Would Paul Masson approve of the progress of the health-care debate? Probably not. Democrats sold Clinton to the public partly on the strength of a long-overdue national health plan, but they never addressed these major problems that will afflict either of the two major proposals.
This doesn't mean that universal health care is a bad idea. It's not. It doesn't mean that managed competition isn't better than Canada's system. It probably is.
What it does mean is that something more fundamental than the tax code or the insurance industry has to change. We'll simply have to alter our conceptions about the American health care system. The AMA spokesperson says that Americans "have certain expectations...When you're told that you've got to wait six months for coronary bypass surgery, you get upset." This extreme case paints in sharp relief the potential shortcomings of universal care.

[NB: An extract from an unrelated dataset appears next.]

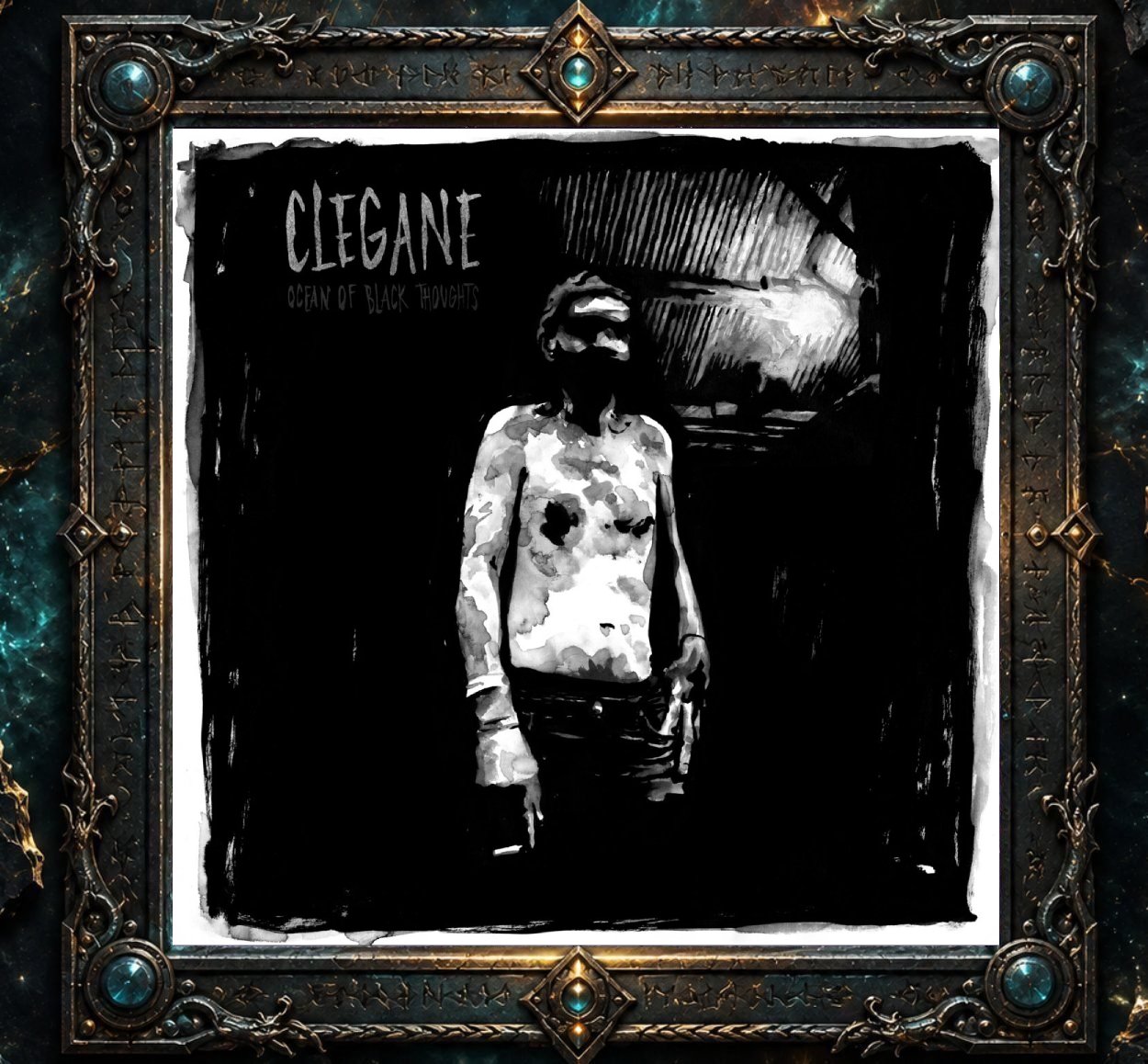Schwarzweißes Cover von Clegane – Ocean of Black Thoughts mit einer blassen, verwischten menschlichen Gestalt in einem fast vollständig schwarzen Raum und einem harten Lichtschein im Hintergrund.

Given that most of us--the majority of Americans--can get health care on demand because we can afford health insurance, queuing up briefly while the new system begins to prioritize by medical need rather than financial strength may frustrate us. But this may be an inevitable consequence of health care reform.
There's a lesson here for policymakers, too. Sometimes politicians make decisions without the benefit of hard facts. The foibles of the Canadian system are well-documented, but managed competition is an unknown quantity. Health care is a big, technical, complex issue, and you can't talk about it without sweating all the numbers.
Universal care's time has come, but we've got to know what we're buying.